How to complete this task:
Read the records beneath this task and copy every line that contains the string "Vintage".

Excerpted records:
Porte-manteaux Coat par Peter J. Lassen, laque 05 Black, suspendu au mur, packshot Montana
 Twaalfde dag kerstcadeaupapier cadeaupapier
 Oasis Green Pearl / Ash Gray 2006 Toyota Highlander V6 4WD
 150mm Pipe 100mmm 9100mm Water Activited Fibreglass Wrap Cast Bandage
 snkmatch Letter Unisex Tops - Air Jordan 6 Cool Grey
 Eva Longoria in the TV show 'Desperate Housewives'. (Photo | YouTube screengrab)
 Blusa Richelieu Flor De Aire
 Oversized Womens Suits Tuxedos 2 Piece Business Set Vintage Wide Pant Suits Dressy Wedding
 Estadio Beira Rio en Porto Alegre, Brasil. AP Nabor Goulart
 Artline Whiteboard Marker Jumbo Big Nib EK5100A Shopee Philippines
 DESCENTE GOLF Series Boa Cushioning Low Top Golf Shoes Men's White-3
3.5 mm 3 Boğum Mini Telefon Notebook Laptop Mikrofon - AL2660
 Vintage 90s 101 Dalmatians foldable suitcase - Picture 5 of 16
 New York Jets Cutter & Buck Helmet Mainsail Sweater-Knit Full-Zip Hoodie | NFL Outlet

Expected answer:
 Oversized Womens Suits Tuxedos 2 Piece Business Set Vintage Wide Pant Suits Dressy Wedding
 Vintage 90s 101 Dalmatians foldable suitcase - Picture 5 of 16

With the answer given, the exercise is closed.